Exercise requirements » Set down, word for word, each line from the top of the data through the line that has "835 E Lomita - Photo 0"; omit every picture.

Supplied material »
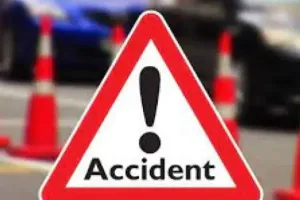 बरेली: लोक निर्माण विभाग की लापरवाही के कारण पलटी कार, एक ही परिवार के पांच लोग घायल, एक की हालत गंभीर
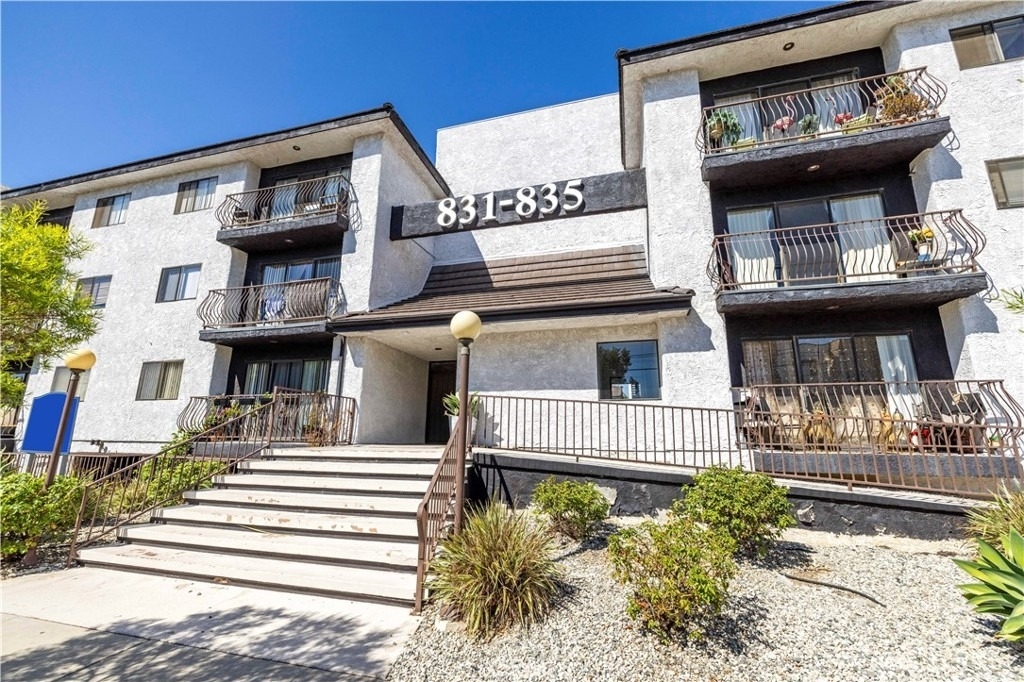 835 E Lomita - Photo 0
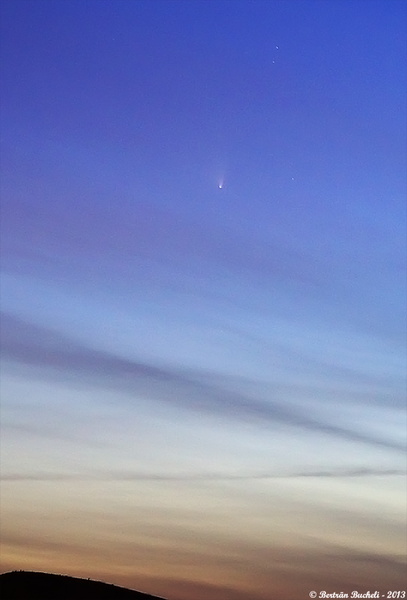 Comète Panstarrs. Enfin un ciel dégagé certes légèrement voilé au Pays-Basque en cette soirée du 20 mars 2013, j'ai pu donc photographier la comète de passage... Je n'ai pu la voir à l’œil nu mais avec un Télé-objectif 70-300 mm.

Response area »
 बरेली: लोक निर्माण विभाग की लापरवाही के कारण पलटी कार, एक ही परिवार के पांच लोग घायल, एक की हालत गंभीर
 835 E Lomita - Photo 0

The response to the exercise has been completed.